--- DATA SUPPLIED ---

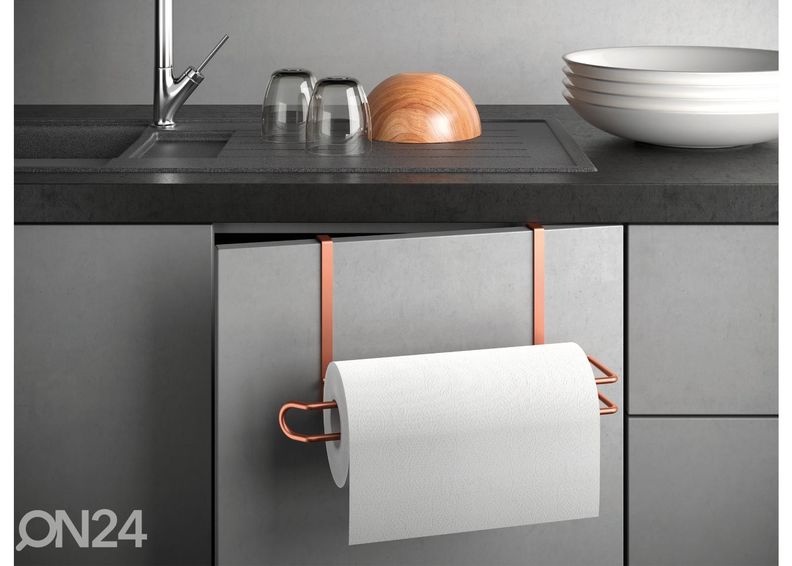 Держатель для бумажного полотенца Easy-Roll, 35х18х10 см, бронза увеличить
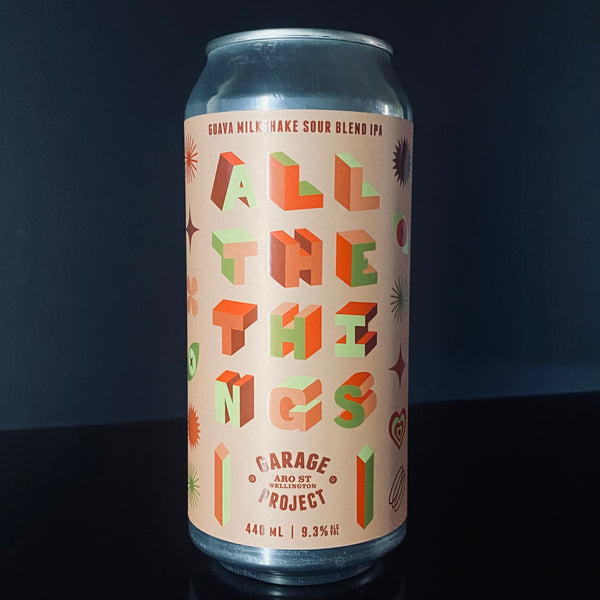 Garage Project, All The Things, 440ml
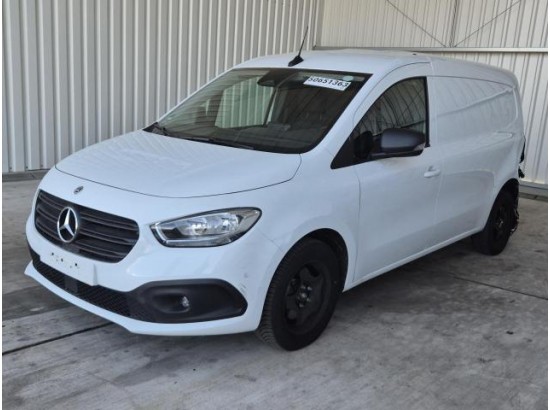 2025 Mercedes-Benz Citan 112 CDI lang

---
--- DATA SUPPLIED ---

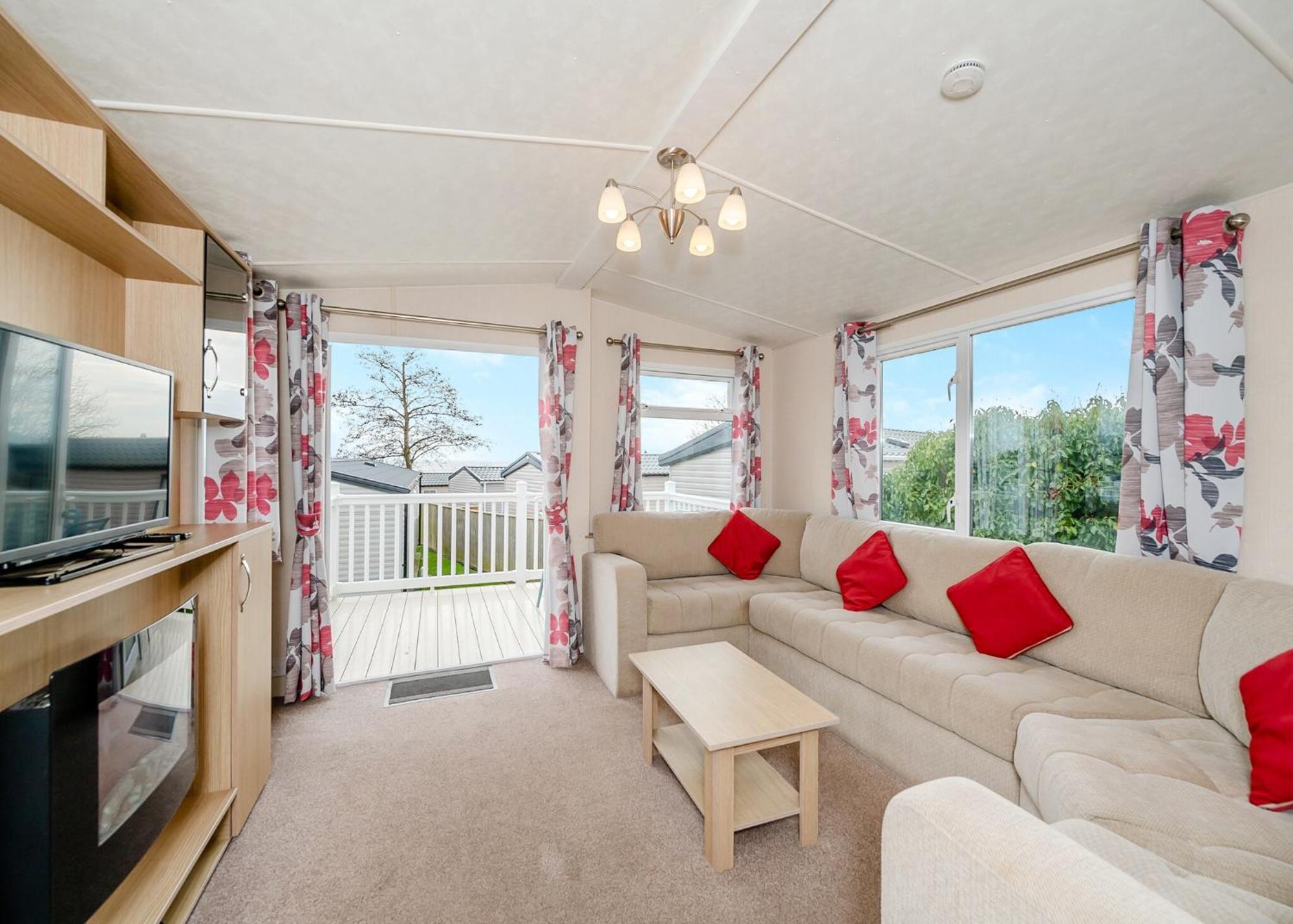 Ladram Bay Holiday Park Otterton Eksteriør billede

---
--- DATA SUPPLIED ---

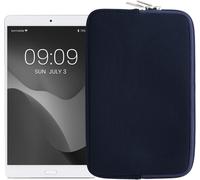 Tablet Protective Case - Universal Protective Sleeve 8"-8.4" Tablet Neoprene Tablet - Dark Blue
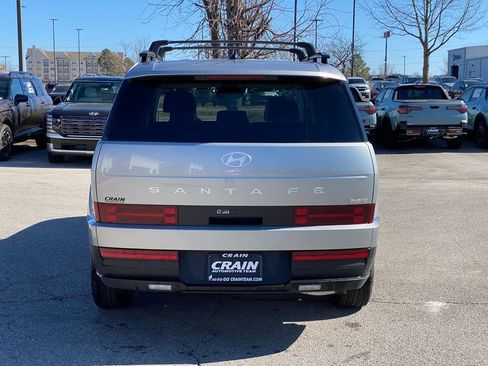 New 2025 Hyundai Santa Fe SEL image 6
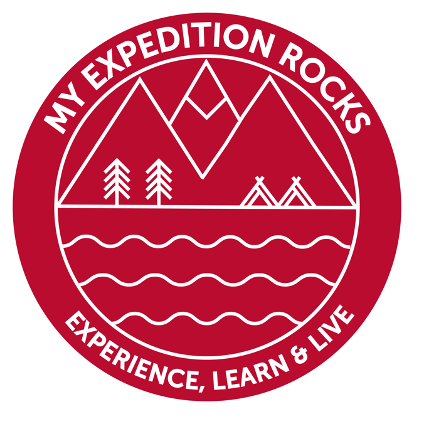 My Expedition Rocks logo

---

● **PROBLEM DETAILS**: Repeat exactly the lines above, beginning at the one containing "Держатель для бумажного" and ending at the one containing "2025 Mercedes-Benz Citan 112 CDI lang". Do not carry over any pictures.

● **EXERCISE RESPONSE**:
 Держатель для бумажного полотенца Easy-Roll, 35х18х10 см, бронза увеличить
 Garage Project, All The Things, 440ml
 2025 Mercedes-Benz Citan 112 CDI lang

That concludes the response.